L’unica certezza, secondo me, è che non è esistito solo un Primo Levi dichiara Alberto Cavaglion– ma sono esistite diverse fasi, fra loro anche contrastanti: una premessa fondamentale per comprendere non solo la poliedricità della figura in questione, riconsegnataci in chiave cronologica da questa nuova opera omnia, ma anche per valutare il tortuoso rapporto della critica con tale produzione. Basta rileggere la prima versione di Se questo è un uomo, dove è assente il tema della chimica che rappresenta quell’immagine di “scrittore scienziato” che l’autore avrebbe costruito in seguito, per trovare una dimostrazione lampante di questo dinamismo identitario.

Cavaglion non risparmia bacchettate alla critica, colpevole di avere ignorato Levi in vita per poi quasi compensare, alla luce della “riscoperta delle leggi razziali” del 1988, con tre edizioni di opere integrali nel giro di vent’anni, passando goffamente da un eccesso all’altro senza avvicinarsi a una comprensione più profonda della sua figura ma rischiando, per contro, una banalizzazione del suo testamento letterario e del suo ruolo di sopravvissuto e testimone.

Chiude l’incontro Marco Belpoliti, che mette l’accento sull’”enorme onestà intellettuale” di Levi, portandone come esempio la sua disponibilità a tagliare dall’edizione tedesca di Se questo è un uomo i rifermenti ai prigionieri politici nei Lager, inaccettabili per “l’antifascismo monumentale” della DDR, talmente è forte il suo bisogno di raccontare, di riferire, di condividere (non a caso una delle appendici del libro è dedicata proprio agli scambi epistolari dell’autore con vari lettori tedeschi, mentre l’esperienza estenuante della traduzione in tedesco del volume viene ricordata ne I sommersi e i salvati).

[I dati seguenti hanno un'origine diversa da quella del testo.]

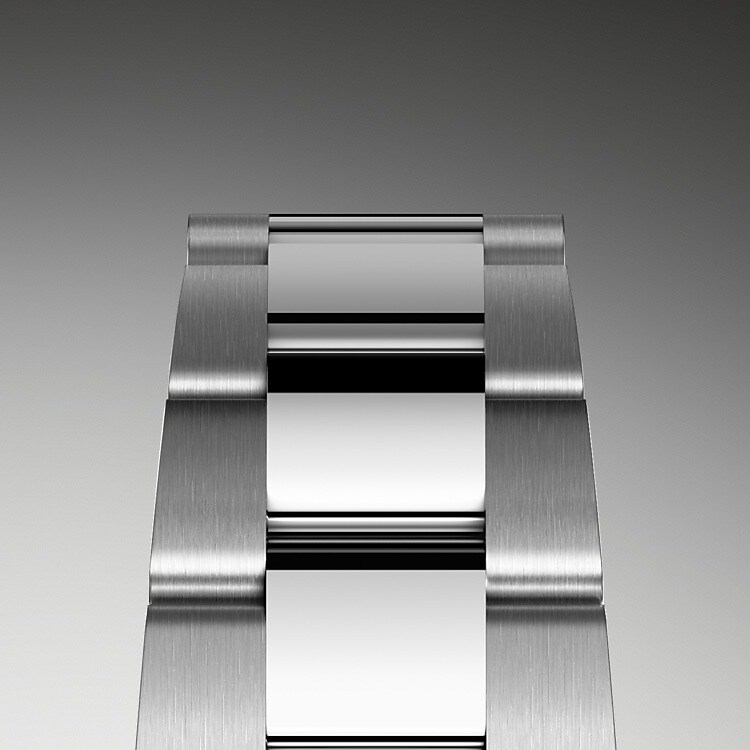 The Oyster bracelet is a perfect alchemy of form and function, aesthetics and technology, designed to be both robust and comfortable. It is equipped with an Oysterclasp and the Easylink comfort extension link, also exclusive to Rolex. This ingenious system allows the wearer to increase the bracelet length by approximately 5 mm, providing additional comfort in any circumstance.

Belpoliti riprende e conferma anche la dicotomia menzionata da Barberis e, parlando delle due diverse versioni di Se questo è un uomo, osserva come sia possibile notare in entrambe che “la letteratura dà forza alla sua testimonianza”; la sfortuna critica di Levi, l’incomprensione, la sua solitudine più volte citata dagli interlocutori della serata sono il prezzo pagato in prima persona da un uomo unico anche nel suo modo di essere controcorrente – come scrittore, come pensatore, persino come ebreo.

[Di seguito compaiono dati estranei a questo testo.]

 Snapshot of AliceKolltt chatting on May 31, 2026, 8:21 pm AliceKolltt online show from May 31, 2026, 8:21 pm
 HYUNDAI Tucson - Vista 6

Il mio grande timore oggi è che si faccia della filologia sulle opere di Primo Levi dimenticando che è stato ad Auschwitz” è l’interessante spunto di riflessione offerto dal critico bolognese per mettere in primo piano la necessità di non separare il testimone dallo scrittore, questione complicata ulteriormente dal continuo reinventarsi di quest’ultimo – ben sintetizzato dal pensiero di Italo Calvino che Belpoliti condivide con il pubblico: “la prima grande invenzione dello scrittore è inventare sé stesso come scrittore”.

Ripercorrere la produzione letteraria di Primo Levi, non solo nei suoi capitoli autobiografici, significa dunque rivisitare l’identità perennemente in divenire dell’uomo dietro alle parole: in questo senso il corposo doppio volume presentato in questa sede non è un’aggiunta pleonastica alla bibliografia leviana, ma espressione di “un’opera in fieri, che non si ferma”.

Opere si aggiunge così come prezioso strumento, così che il fervore di queste idee possa continuare a ispirare il pensiero di generazioni presenti e future. Perché la straordinaria attualità dell’autore torinese vive e respira attraverso le sue parole, che a distanza di anni riecheggiano forti non solo nell’affollata sala di Via Bogino, ma anche durante la Giornata della Memoria, con tono imponente e profondo, quasi glaciale.